Businesses that have liquor licenses are often charged with having a disorderly premises. In cases involving violence, a disorderly premises charge can lead to a summary suspension and eventual revocation of the license. These can be very difficult cases to fight because the State Liquor Authority’s burden of proof is very low. A 2018 case, In the Matter of Last Train Stop, Inc. v. New York Liquor Authority, 161 A.D.3d 867 (2018), explains what must be proven, and the burden of proof in these cases.
The State Liquor Authority does not have to prove that the licensee knowingly suffered or permitted disorderly conduct.

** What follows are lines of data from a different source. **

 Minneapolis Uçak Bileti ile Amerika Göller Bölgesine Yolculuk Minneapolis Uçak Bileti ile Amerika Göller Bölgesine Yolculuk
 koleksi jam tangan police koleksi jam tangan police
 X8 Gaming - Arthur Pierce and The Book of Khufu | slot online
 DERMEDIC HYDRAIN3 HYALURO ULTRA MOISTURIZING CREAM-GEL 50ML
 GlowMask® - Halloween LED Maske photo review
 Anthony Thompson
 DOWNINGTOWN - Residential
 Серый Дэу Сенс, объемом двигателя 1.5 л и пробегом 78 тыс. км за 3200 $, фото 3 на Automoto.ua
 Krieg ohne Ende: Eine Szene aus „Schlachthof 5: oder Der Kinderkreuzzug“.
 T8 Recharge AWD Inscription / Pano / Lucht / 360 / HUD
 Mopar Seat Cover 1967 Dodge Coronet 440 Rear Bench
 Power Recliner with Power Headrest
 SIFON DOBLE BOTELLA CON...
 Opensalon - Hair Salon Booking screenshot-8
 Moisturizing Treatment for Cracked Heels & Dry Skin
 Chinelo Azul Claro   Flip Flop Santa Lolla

It merely has to show that there was noise, disturbance, misconduct or disorder on the premises as adequate to that is related to its business operations, or conduct of its patrons, that affects the local inhabitants. And in making that showing, its standard of proof is “substantial evidence” and means that a given inference of the Authority is reasonable and plausible, not necessarily the most probable. The relevant proof must merely be sufficient for a reasonable mind to accept what the Authority concludes. That burden is much, much less than the standards that apply in other courts and cases such as a preponderance of the evidence, overwhelming evidence or beyond a reasonable doubt.
If you find yourself on the wrong end of a disorderly premises violation, you would benefit from professional guidance in resolving the matter to avoid potential loss of your valuable liquor license asset.